Acórdão nº 291/07.6TBLRA.C1 de Court of Appeal of Coimbra (Portugal), 15 de Fevereiro de 2011

Magistrado ResponsávelPEDRO MARTINS
Data da Resolução15 de Fevereiro de 2011
EmissorCourt of Appeal of Coimbra (Portugal)

Acordam no Tribunal da Relação de Coimbra os juízes abaixo assinados: P(…) (= autor), devidamente representado por sua mãe, residente em lugar da ..., (…), intentou a presente acção contra Companhia de Seguros (…) SA (= seguradora), com sede em ( ...), pedindo a condenação desta no pagamento de 157.000€, acrescida dos juros à taxa de 4% ao ano, contados desde a data da citação até efectivo pagamento e ainda no que vier a liquidar-se em execução de sentença no que concerne aos tratamentos médicos e medicamentosos, deslocações, internamentos, cirurgias, alimentação e outras, tudo acrescido de juros, à taxa legal, desde a citação até efectivo pagamento, bem como custas e demais encargos legais.

Para tanto, alegou em síntese que: No dia 26/08/2005 frequentava, juntamente com outros familiares, o parque aquático denominado.... Uma das diversões deste é um escorrega composto por quatro pistas, separadas entre si e com cerca de 40 m de comprimento.
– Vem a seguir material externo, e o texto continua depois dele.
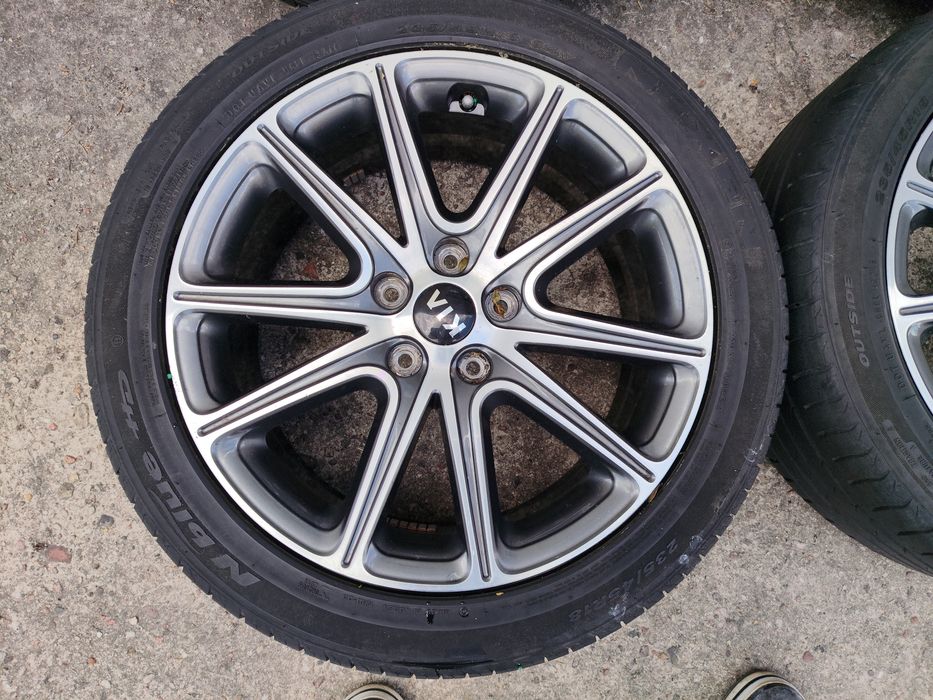 Koła  Alu CNC letnie KIA Cee'd Soul Venga Niro 5x114,3 235/45/18 7mm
O autor encontrava-se no dito escorrega com vista à descida e sentou-se na plataforma de lançamento de estrutura metálica a aguardar que fosse dado o sinal de partida. Dado este, por um funcionário que se encontrava na parte final do escorrega, o menor ao efectuar o impulso para iniciar a descida embateu com a cabeça na plataforma de lançamento e devido ao embate desceu o escorrega sem sentidos e caiu na piscina. Mais alega que foi retirado da água pelo seu irmão e foram chamados os bombeiros que demoraram 15 m a chegar, sendo que nesse intervalo de tempo, o autor permaneceu no chão, sem assistência médica ou de alguém com conhecimentos em matéria de socorrismo, não havendo à disposição qualquer material médico ou de primeiros socorros. Em consequência do embate, o autor sofreu várias lesões que lhe determinaram traumatismo craneo-encefálico e surdez profunda bilateral, que lhe acarreta uma IPP de 48%. À data do acidente, o autor era saudável e activo e actualmente sente dores ao movimentar o pescoço, que frequen-temente o impedem de dormir e lhe perturbam o sono, sente um zumbido permanente e ficou com cicatrizes permanentes e visíveis na região frontal. Para além das despesas que efectuou e irá efectuar com transportes e tratamentos médicos e medicamentosos, devido às lesões, internamentos e durante os períodos de imobi-lização e convalescença, sofreu dores lancinantes, sofrimentos físicos e angústia da iminência de uma eventual desvalorização funcional que se veio a verificar. Em consequência de tais lesões, o menor actualmente é amargurado, atormentado, triste, angustiado, abatido e sente profundamente o facto de não ouvir, bem como de ter cicatrizes bem visíveis que o levam a ocultar sempre a região afectada.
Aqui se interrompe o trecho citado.